USA Today passes along an extremely interesting economic indicator for the young adult labor markets:
The Army is nearly 14% short of the recruits it will need to fill its ranks, marking the first time in six years — and only the third in the last 20 — that it may fall short of its recruiting goal for the year….
And recruiters are working harder just to get potential soldiers to meet with them.
For the first 10 months of fiscal year 2015, recruiters made more than 415,000 appointments with young men and women interested in the Army. Those resulted in just over 50,000 signing up to serve. For the same period in 2014, they made 371,000 appointments and had signed up 52,000 soldiers…..
Moreover, the quality of recruits has remained high, Snow said. There has been a decrease in the percentage of recruits who have received waivers for failing to meet educational or other standards.
In 2005, the Pentagon relaxed standards for recruits who fared poorly on standard military exams.
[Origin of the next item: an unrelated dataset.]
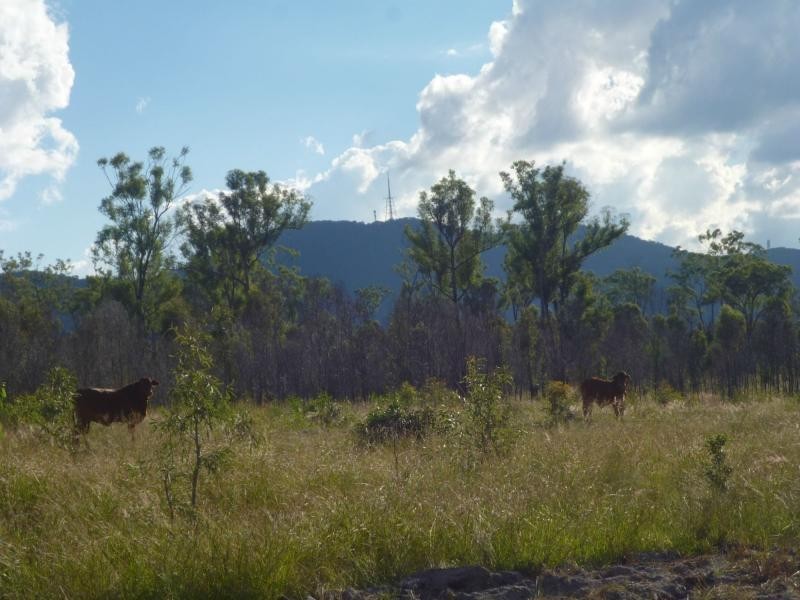 Golden Fleece QLD 4621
Those who scored in the lower third of the test, so-called Category Four recruits — had been limited to 2% of recruits. The relaxed standard allowed 4% of those recruits, and even that was exceeded at times. Less than 1% of recruits this year belong in Category Four…..
The US military wants to recruit from the 18 to 20 year population of adults who mostly have their shit together. They want to recruit high school graduates who have never been in trouble with the law and who have decent options outside of the military. Reasonably smart recruits are a bit more expensive to recruit than the knuckle heads and idiots but they tend to perform a hell of a lot better when making or preventing very expensive things from going boom.
During the Iraq Occupation, recruiting was a massive problem. The US Army faced its recruiting shortfall by a combination of throwing money at the problem and dropping standards dramatically. The Army was taking in soldiers and sending them to Iraq that in a non-recruiting crisis mode, they would never have offered an enlistment contract. That is not the case now. Instead, young adults who have options besides the Army are taking those options which is a decent indicator that the young adult job market is half decent if those other options are better than a peace time army where the odds of being shot at are far lower today than they were three, five or seven years ago.